The oil and gas lease in its modern form, including the primary-term/secondary-term structure defined by the habendum clause, was developed in the late 19th and early 20th centuries as petroleum exploration expanded beyond the early Pennsylvania and Ohio oil regions to the Mid-Continent, Gulf Coast, and California; the early "producers 88" lease form (the standard form used in Texas from the early 1900s, so named because it was the 88th form used by the early oil companies in the state) established the habendum clause language that became the model for the mineral lease forms used throughout the US; landmark legal decisions interpreting the secondary term habendum clause include Clifton v. Koontz (1959, Texas Supreme Court, establishing the two-part economic test for "paying quantities") and Midwest Oil Corp. v. Winsauer (establishing the temporary cessation of production doctrine) -- decisions that are still cited in lease disputes today; the growth of shale and tight oil development in the 2000s created new secondary-term challenges as operators held large volumes of acreage through primary terms with the intent to develop after delineation, leading to disputes over whether horizontal wells in pooled units "produce" in ways that hold non-producing tracts within the unit for secondary-term purposes; state legislatures in Pennsylvania, Colorado, and other shale states modified their oil and gas statutes in the 2010s to address secondary-term holding mechanisms that the original lease forms did not contemplate, including the effect of horizontal wells, multi-well pad development, and unitization on secondary-term perpetuation.

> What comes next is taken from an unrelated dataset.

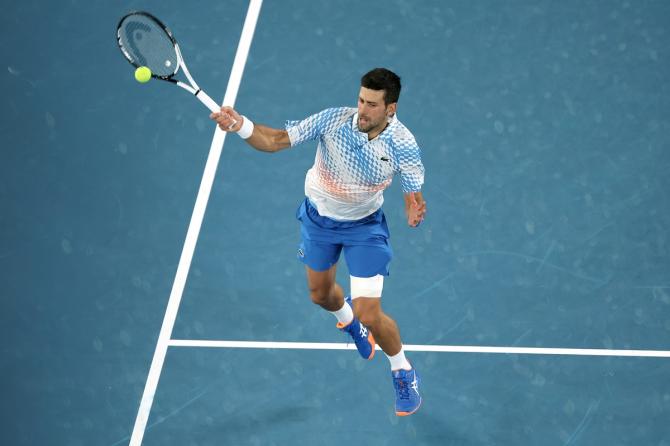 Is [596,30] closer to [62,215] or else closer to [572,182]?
[572,182]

What Is the Secondary Term?

The secondary term of an oil and gas lease is the period after the initial fixed primary term during which the lease continues in force provided that oil, gas, or other hydrocarbons are produced in paying quantities (or other lease-perpetuating activities such as shut-in royalty payment are maintained). Defined by the habendum clause, the secondary term has no fixed end date -- it continues indefinitely as long as production in paying quantities is maintained, terminating automatically when that condition is not met. Disputes over what constitutes "paying quantities" and the effect of temporary production cessation are among the most litigated issues in oil and gas law.